Preface and acknowledgements

As cinema moves into its second century, it is surprising that relatively few comprehensive historical accounts of film music have so far appeared in print. This is by no means to say that there is a dearth of perceptive and thought-provoking writing about film music: on the contrary, since the 1980s the field has become a rich growth area in both academic and popular circles, and an ever-growing understanding and appreciation of the filmic medium’s often strikingly varied musical potentialities have helped rescue the film musician’s craft from the stigma of hack commercialism which constantly blighted its reputation from the earliest years. At the same time, and equally late in the day, film scholars have begun to draw wider attention to the need not only to regard a film’s soundtrack as an indivisible composite element, but also to consider it as at least equal to – and in some cases arguably more important than – the moving images which, as cinema’s raison d’être, were traditionally viewed as its overridingly dominant parameter. Hopefully the days when it was possible to devote an entire volume to a discussion of the aesthetics of cinema without adequately addressing either its sound or music (for an example, see Aumont et al. 1983) are long since gone.

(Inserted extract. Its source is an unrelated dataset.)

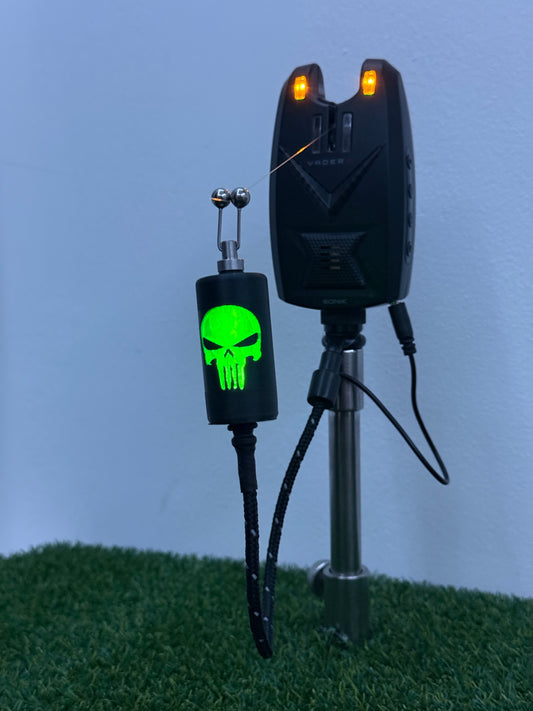 LED Powered Flashing Black Punisher Carp Fishing Bobbin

Of the many varied histories of film music that could, and hopefully will, be written, the present enterprise aims to provide a straightforward introduction to the development of film-music techniques in a selection of Anglophone and non-Anglophone cinemas, with emphases placed on the practical roles of composers, musicians, music directors and supervisors, their changing working conditions, cultural contexts and creative aspirations, and the various ways in which their work has been received. At the risk of stating the obvious, this book is neither a history of film-music theory nor a history of film-music literature, though seminal observations from each are introduced liberally throughout the text where they are directly relevant to the practice and consumption of such music at various points in its history. Readers desiring coherent accounts of the film-music literature are recommended to consult the admirable critical summaries by Martin Miller Marks (1997, 3–25) and Robynn Stilwell (2002). Among the most readable and concise overviews of general trends in film-music theory is that offered by Annette Davison in the first three chapters of her recent book on contemporary film (2004).

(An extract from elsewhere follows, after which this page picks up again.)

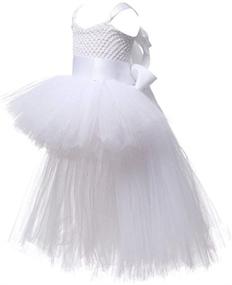 img 2 attached to Exquisite Handmade Girls Tutu Dress: Floral Hi Low Birthday Costume for Weddings, Bridesmaids, Pageants, Parties & Proms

For the era of silent film (Chapter 1) the principal sources for contemporaneous commentary are technical manuals on film accompaniment, the film industry’s trade press, newspapers and other journals, which discuss matters relating to film music both practical and aesthetic – though rarely in significant depth. As Rick Altman and other modern scholars have shown, the early silent era demonstrated considerable diversity in its sonic provision before standardization took hold and subsequently shaped the often formulaic accompanying practices of the sound film. Aesthetic debate about the value and potential of film sound and music, on the part of both theorists and practitioners, grew markedly more heated with the introduction of synchronized soundtracks in the late 1920s (Chapter 2), and was at times related to a perceived conflict between the demands of stage-influenced theatricality and the more adventurous realms of filmic fantasy (Chapter 4). Some bold film-makers experimented with ‘contrapuntal’ uses of sound which jarred with the visual image (for examples from the early Soviet sound film, see Chapter 9). Others, notably in France (Chapters 2 and 8), refused to allow dialogue to achieve the overarching supremacy which was later to be one of the most obvious characteristics of mainstream narrative cinema in Hollywood (its typical practices considered in detail in Chapters 3 and 5) – and indeed ever since.

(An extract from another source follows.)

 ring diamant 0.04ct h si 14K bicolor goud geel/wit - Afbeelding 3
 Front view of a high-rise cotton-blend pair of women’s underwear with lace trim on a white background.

In the 1930s, many aspects of the film composer’s craft were rationalized to fit with a range of standard musico-dramatic requirements, and intelligent manuals discussing both practical and aesthetic issues were published by Leonid Sabaneev (1935) and Kurt London (1936). Critical and analytical writings on film music significantly increased in the 1930s and 1940s, with perceptive commentary and analysis issuing from the pens of George Antheil, Hans Keller, Lawrence Morton, F. W. Sternfeld and others; a fairly substantial bibliographical survey was published at the start of the 1950s (Zuckerman 1950). Ongoing debates at this time included the relative usefulness of music that either supported or contradicted the implications of the visual image; the extent to which film music needed to be clearly audible rather than perceived subliminally; thorny issues of structure, principally the tension between autonomous musical form and its apparent irreconcilability with the mostly subservient role that music was constantly called upon to play in its filmic context; and the usefulness (or otherwise) of continuing to compare film-music techniques with those of nineteenth-century opera and the other well-established musico-dramatic genres from which it appeared to have derived many of its basic processes. These debates generally failed to address the views of film spectators, which were first systematically canvassed by an expansion in market research undertaken within the industry from the late 1960s onwards (though filmic formulae had already been influenced by the outcome of preview screenings, even as early as the silent era); viewers’ reactions have more recently been analysed with the scientific scrutiny of the cognitive psychologist.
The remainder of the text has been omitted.